The Importance of Basic Science in Veterinary Education
Basic Science in veterinary education is important because it provides the foundation for a comprehensive understanding of animal health and disease. Basic sciences such as anatomy, physiology, biochemistry, pharmacology, and microbiology constitute veterinary medical education’s cornerstone.
The veterinary basic science curriculum provides a solid understanding of the anatomy of animals, how they respond to disease, and how different treatments and medications affect them. Veterinary medicine deals with diagnosing, treating, and preventing diseases in animals, including domestic pets, livestock, and wildlife. It comprises a wide range of medical specialties, including small animal medicine, large animal medicine, exotic animal medicine, and laboratory animal medicine.
Without a solid foundation in the basic sciences, it would be difficult for veterinarians to diagnose and treat animal health problems effectively. The basic sciences semesters in veterinary education typically precede the clinical ones that prepare for a clinical career. The knowledge gained in these areas helps veterinarians make informed decisions about which tests to perform, which treatments to prescribe, and how to monitor their patients’ progress.
Basic Science consists of the following topics:
- Veterinary Anatomy I
- Veterinary Histology and Embryology
- Veterinary Physiology I
- Veterinary Immunology
- Professional Development I
- Veterinary Anatomy II
- Veterinary Physiology II
- Veterinary Parasitology
- Veterinary Bacteriology and Mycology
- Veterinary Pharmacology I
- Veterinary Pathology I
- Veterinary Virology
- Veterinary Public Health/Epidemiology
- Professional Development II
- Veterinary Clinical Skills I (Companion Animals)
- Animal Welfare and Behavior
- Veterinary Pharmacology II
- Veterinary Pathology II
- Veterinary Clinical Pathology
- Veterinary Ethics and Communication
- Veterinary Clinical Skills II (Livestock)
- Veterinary Anesthesiology
- Principles of Veterinary Surgery
- Veterinary Toxicology
- Veterinary Diagnostic Imaging
- Veterinary Clinical Nutrition
- Small Animal Medicine
- Food Animal Medicine & Surgery
- Exotic Companion Animal Medicine
- Veterinary Clinical Skills III (Clinical Rotations)

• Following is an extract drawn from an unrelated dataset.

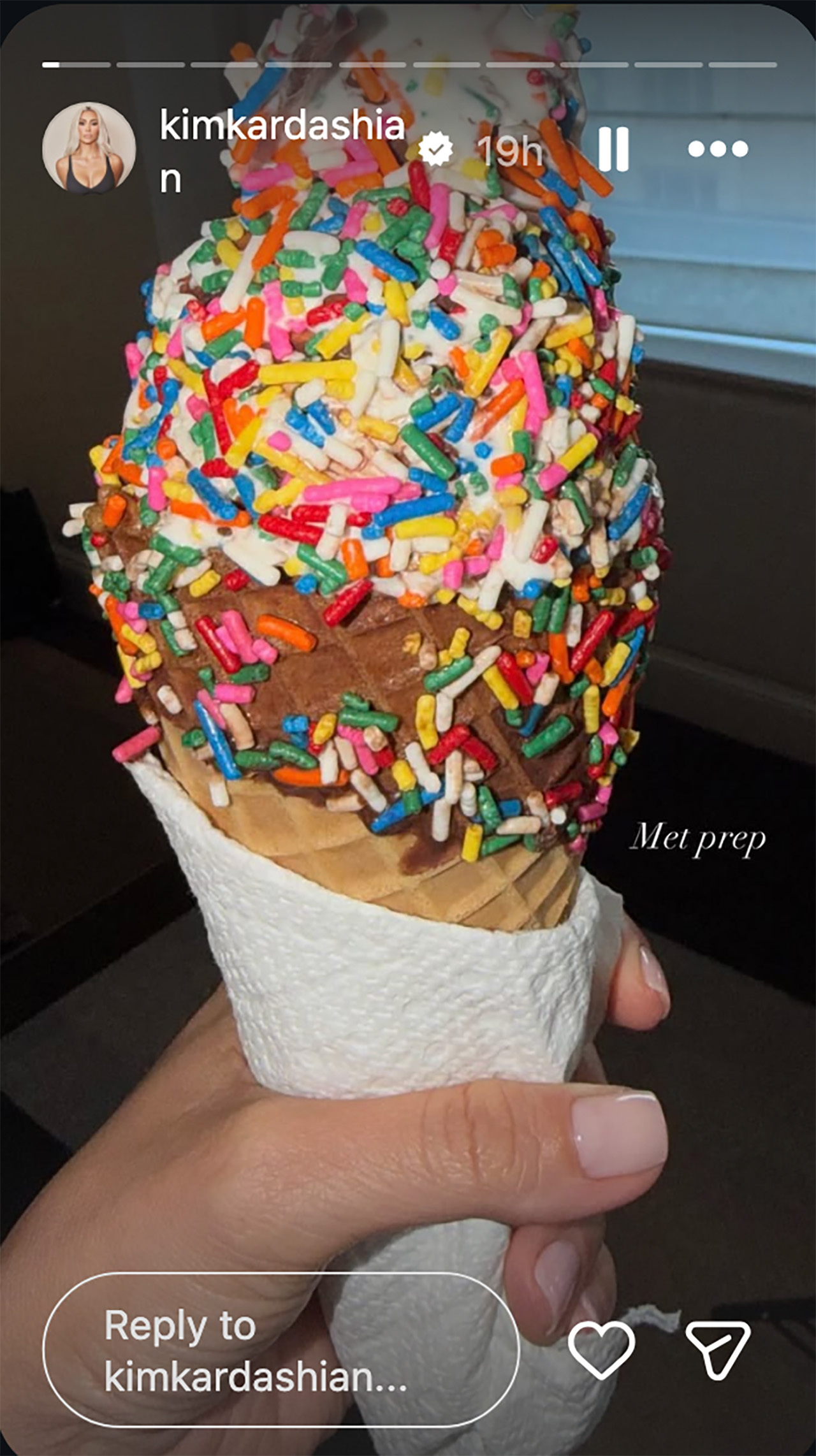 Kim Kardashian holding an ice cream cone that's covered in rainbow sprinkles. Her caption reads &amp;quot;Met prep.&amp;quot;
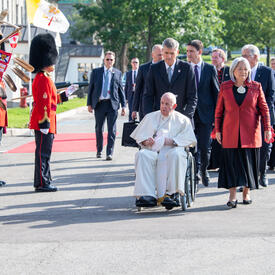 Pope Francis is being wheeled in a wheelchair across the grounds of the GGCitadelle. Governor General Simon, Prime Minister Justin Trudeau, and several others are walking behind him.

- Small Animal Medicine II
- Small Animal Surgery
- Large Animal Medicine & Surgery
- Professional Development
In addition, the basic science curricular track in veterinary education helps students develop critical thinking and problem-solving skills and a strong foundation in scientific methodologies. These skills are essential for researching, developing new treatments, and finding solutions to complex animal health problems.
Prepares for NAVLE
The North American Veterinary Licensing Examination (NAVLE) is a comprehensive exam required for licensure as a veterinarian in the United States and Canada. Basic sciences such as anatomy, physiology, biochemistry, pharmacology, and microbiology are covered on the NAVLE and are essential components of preparation for the exam.
A strong foundation in basic sciences is necessary to pass the NAVLE, as the exam tests a candidate’s understanding of the underlying mechanisms of animal health and disease. For example, knowledge of anatomy and physiology is critical for understanding how different systems in animal bodies work, how they respond to disease, and how to diagnose and treat diseases affecting those systems.
It also helps to develop an understanding of the underlying mechanisms of animal health and disease requires analyzing and synthesizing large amounts of information. The skills developed in the basic sciences courses are valuable in this process.
The basic sciences in veterinary school play a critical role in NAVLE preparation and developing the skills necessary for successful clinical practice. A solid foundation in these subjects is essential for passing the NAVLE and providing high-quality animal care.